Florida’s new marriage laws went into effect in Florida on July 1, 2023, making significant changes that will affect divorcing couples. The CS/HB 1301 and CS/SB 1416 bills significantly change the law regarding the establishment and modification of alimony obligations and the time periods associated with the length of marriage. The new law applies to all pending cases and cases filed after July 1. It will apply to all timesharing discussions in paternity and divorce cases, as well as in modification cases.
Durational alimony may not be awarded in marriages less than 3 years in duration.
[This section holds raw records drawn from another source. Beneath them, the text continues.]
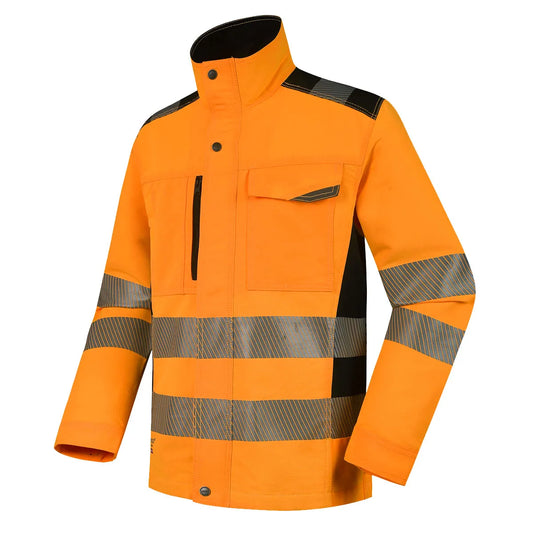 VESTE DE TRAVAIL HAUTE VISIBILITÉ EN ISO 20471 ORANGE DS135OR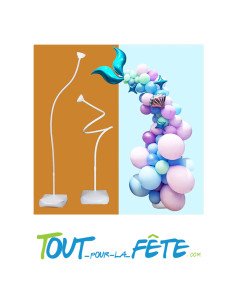 1 support ballon flexible 2.5m +1 support ballon flexible 1.5m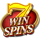 777 money strike red scatter symbol icon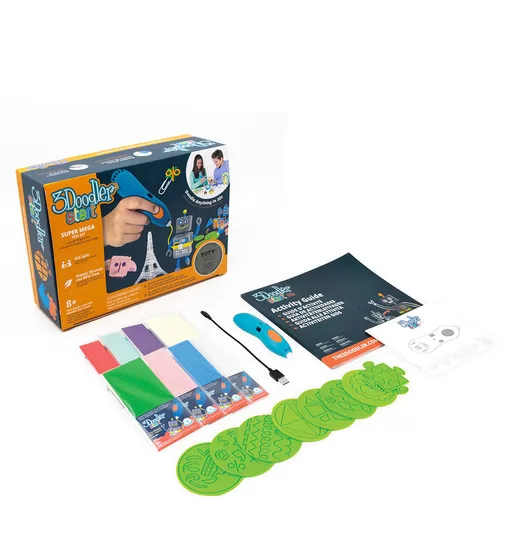 3D-Ручка 3Doodler Start Для Детского Творчества - Мегакреатив (192 Стержня, 8 Шаблонов) - 3DS-MEGA-FES-E_1.jpg - № 1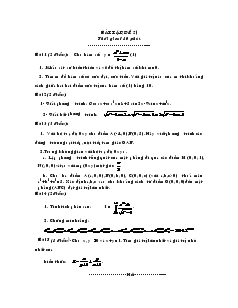 Giáo án lớp 12 môn Toán - Bài tập (đề 2) thời gian 180 phút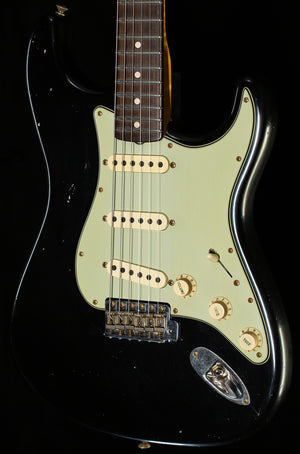 Fender Custom Shop Masterbuilt Dennis Galuzska True '62 Strat Journeyman Relic Black Brazilian 59 C  (226)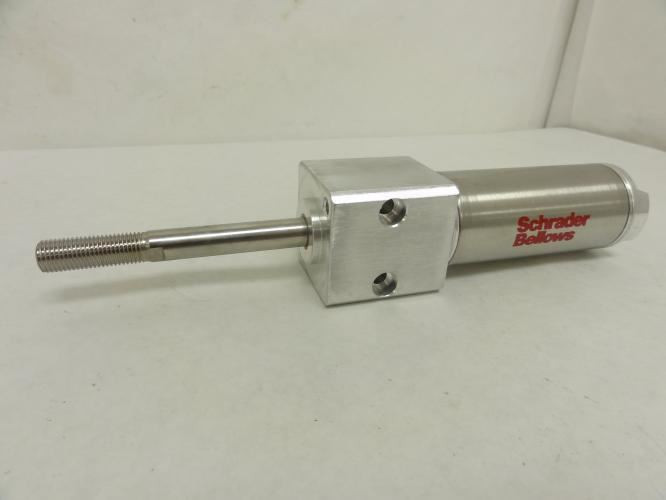 Schrader Bellows GD550955-A; Air Cylinder; SS; 1.5" B x 2" S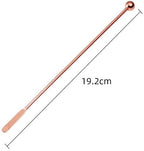 10 pcs Stainless Steel Coffee Beverage Stir Sticks Cocktail Stirrers Drink Swizzle Stick 7.4" Swizzle Stick Picks Tools Rose Gold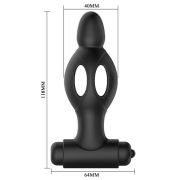 MR PLAY – PLUG ANAL DE SILICONA CON VIBRACIÓN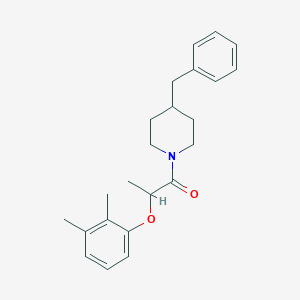 1-(4-Benzylpiperidin-1-yl)-2-(2,3-dimethylphenoxy)propan-1-one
Other alimony forms, such as “bridge the gap,” may still be awarded in short term marriages.
A short term marriage is now deemed to be a marriage up to ten years in duration, a middle duration marriage is one lasting between 10 and 20 years, and a long duration marriage is 20 years and over.
Durational alimony awarded cannot exceed 50% of the duration of the marriage in short term marriages, 60% of the duration of the marriage in middle duration marriages and 75% of the duration of the marriage in long duration marriages.
Exceptional circumstances may extend the term of duration by showing clear and convincing evidence it is necessary upon 61.08(3) factors and additional factors in new law.
The amount of durational alimony is actual need of the recipient or 35% of the difference of the net income of the parties, whichever is less.